But now, more importantly, he could hear the scrape of something metal.

It rose and fell. Like it was being tapped against the ground every other beat.

Dúlamán na binne buí, dúlamán Gaelach,” a hoarse, stuttering tenor sang. “Dúlamán na farraige, be'fhearr a bhí in Éirinn.”

Silence followed. There wasn’t even an echo, only the distant drip of water droplets into the pools below.

“Selkie-child,” that hoarse voice said ahead of them. “You’ve come home. I’ve been waiting for you.”

There was a long pause. Peter didn’t know what was happening up ahead. It was too dark to see. He glanced down towards the ground and froze.

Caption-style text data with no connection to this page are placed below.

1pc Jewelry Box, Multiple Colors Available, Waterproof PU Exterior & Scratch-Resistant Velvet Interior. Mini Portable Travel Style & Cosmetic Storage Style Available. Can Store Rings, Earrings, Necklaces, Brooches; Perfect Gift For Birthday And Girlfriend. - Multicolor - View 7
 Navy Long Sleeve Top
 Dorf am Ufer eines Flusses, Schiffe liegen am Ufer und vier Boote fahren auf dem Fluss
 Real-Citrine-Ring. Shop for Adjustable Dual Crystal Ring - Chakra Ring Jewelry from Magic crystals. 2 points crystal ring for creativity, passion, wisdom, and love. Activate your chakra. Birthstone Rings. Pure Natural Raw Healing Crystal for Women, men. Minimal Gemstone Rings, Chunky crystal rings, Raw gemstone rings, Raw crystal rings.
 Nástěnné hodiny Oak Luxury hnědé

Johnny’s fingers were glowing ever so slightly around his name on Peter’s arm. Peter had never seen the mark light up before.

Johnny seemed to sense him looking at it and closed his fingers to better hide it.

“Selkie-child?”

Peter lifted his head back in the Murdocks’ direction.

“Why don’t you answer?”

That dripping noise seemed louder than ever.

“Well, pal,” Mr. Murdock’s voice said, “Ya might start with the fact that you’re feelin’ up the wrong guy.”

There was a violent rustle of someone rearing back.

Fetch,” Sister Maggie’s voice hissed. “What have you done with the seanchaidhe?”

There was a strange, rumbling noise in the dark ahead.

“Insolent,” the voice said, echoing off the walls now. “I am the seanchaidhe.”

“Where is he?” Matt growled low and deep and familiar.

“Selkie-child,” the voice gasped. “There you are. Come here, boy.”

“What have you done with him?” Matt demanded.

“You owe me an offering,” the voice said, softer now and only getting more so. “Do you remember what I asked you to bring to me?”

Matt said nothing.

“Do you remember, selkie?” the voice insisted.

“Jack,” Sister Maggie cautioned. “Leave it. Let him answer.”

The grit and crunch of steps being taken sounded out on the bridge.

“I remember,” Matt said.

“Tell me,” the voice said, almost desperately. “Tell me what you remember.”

“I remember,” Matt said, softer now. “That the water here was cold.”

“The offering, selkie,” the voice encouraged.

“I remember being so alone,” Matt told it. “And so afraid. And I remember asking if I could come back to this place.”

“The offering,” the voice whispered. “Do you remember?”

“The great seanchaidhe of this place held me as a child,” Matt told it. “And guided me out of this cave.”

“In return for what?” the voice breathed.

Matt said nothing.

“In return for what, selkie?” the voice demanded.

“My coat,” Matt said.

There was a sharp sound like a gasp.

“Lies,” the voice suddenly creaked. “Lies. Lies. LIES.”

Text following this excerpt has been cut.